* Data supplied:

==============================

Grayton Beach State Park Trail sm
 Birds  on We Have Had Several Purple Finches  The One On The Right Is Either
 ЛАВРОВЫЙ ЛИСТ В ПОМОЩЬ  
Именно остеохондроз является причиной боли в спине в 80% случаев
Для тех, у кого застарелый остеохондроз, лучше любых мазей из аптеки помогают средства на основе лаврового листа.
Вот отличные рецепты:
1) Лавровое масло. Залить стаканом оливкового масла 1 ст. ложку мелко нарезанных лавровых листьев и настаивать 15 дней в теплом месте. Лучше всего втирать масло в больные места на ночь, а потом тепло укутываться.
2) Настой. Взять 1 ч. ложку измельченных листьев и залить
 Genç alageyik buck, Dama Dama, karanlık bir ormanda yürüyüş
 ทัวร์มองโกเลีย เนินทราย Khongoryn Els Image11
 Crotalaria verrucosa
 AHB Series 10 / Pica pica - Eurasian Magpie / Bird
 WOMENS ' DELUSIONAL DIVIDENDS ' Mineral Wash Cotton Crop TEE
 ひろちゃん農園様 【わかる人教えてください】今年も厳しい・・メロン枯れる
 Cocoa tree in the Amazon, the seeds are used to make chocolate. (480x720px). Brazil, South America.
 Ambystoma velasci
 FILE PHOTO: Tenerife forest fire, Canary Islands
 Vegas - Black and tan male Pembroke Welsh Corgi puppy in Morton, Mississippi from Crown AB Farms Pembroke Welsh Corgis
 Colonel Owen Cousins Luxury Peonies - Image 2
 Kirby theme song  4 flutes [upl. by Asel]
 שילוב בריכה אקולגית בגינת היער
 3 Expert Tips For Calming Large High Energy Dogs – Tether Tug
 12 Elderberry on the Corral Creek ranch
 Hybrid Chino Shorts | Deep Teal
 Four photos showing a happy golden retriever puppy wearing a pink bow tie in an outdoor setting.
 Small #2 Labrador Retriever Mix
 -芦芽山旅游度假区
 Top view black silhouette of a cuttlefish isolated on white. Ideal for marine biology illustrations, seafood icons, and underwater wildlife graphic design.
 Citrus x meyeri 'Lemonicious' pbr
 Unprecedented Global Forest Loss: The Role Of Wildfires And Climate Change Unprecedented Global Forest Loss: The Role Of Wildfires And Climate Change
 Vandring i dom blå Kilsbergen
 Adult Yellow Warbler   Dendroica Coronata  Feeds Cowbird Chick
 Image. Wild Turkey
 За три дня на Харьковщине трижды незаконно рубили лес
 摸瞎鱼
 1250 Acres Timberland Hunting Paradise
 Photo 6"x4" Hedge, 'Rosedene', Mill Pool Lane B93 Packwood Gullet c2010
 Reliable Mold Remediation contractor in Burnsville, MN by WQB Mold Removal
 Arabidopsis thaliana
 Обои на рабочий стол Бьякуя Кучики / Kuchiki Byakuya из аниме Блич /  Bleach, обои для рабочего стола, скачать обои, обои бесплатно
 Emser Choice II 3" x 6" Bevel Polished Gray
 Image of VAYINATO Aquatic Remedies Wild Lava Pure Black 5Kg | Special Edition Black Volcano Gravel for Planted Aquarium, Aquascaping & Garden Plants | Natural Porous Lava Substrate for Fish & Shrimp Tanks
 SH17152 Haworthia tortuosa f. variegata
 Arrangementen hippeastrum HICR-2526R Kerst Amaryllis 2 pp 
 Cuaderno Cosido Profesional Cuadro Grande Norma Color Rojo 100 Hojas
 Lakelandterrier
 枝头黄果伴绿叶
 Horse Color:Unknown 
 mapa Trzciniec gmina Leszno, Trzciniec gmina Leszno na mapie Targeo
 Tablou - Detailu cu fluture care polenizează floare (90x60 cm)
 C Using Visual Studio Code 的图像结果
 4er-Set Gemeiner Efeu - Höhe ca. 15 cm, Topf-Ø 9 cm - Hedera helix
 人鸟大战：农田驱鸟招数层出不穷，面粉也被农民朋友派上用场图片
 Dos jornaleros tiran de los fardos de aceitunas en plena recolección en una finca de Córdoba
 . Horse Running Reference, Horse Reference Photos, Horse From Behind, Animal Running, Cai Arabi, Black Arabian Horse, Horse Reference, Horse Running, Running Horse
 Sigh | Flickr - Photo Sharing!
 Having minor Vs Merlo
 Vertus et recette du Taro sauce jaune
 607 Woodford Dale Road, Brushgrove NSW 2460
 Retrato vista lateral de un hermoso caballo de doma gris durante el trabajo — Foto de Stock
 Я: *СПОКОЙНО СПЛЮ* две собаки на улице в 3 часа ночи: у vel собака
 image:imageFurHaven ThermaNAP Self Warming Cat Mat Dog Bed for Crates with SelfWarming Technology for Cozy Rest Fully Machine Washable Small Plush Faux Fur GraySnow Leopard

==============================

* Problem requirements: Show the lines of the records above that mention "Horse".

* Output for this task:
 Horse Color:Unknown 
 . Horse Running Reference, Horse Reference Photos, Horse From Behind, Animal Running, Cai Arabi, Black Arabian Horse, Horse Reference, Horse Running, Running Horse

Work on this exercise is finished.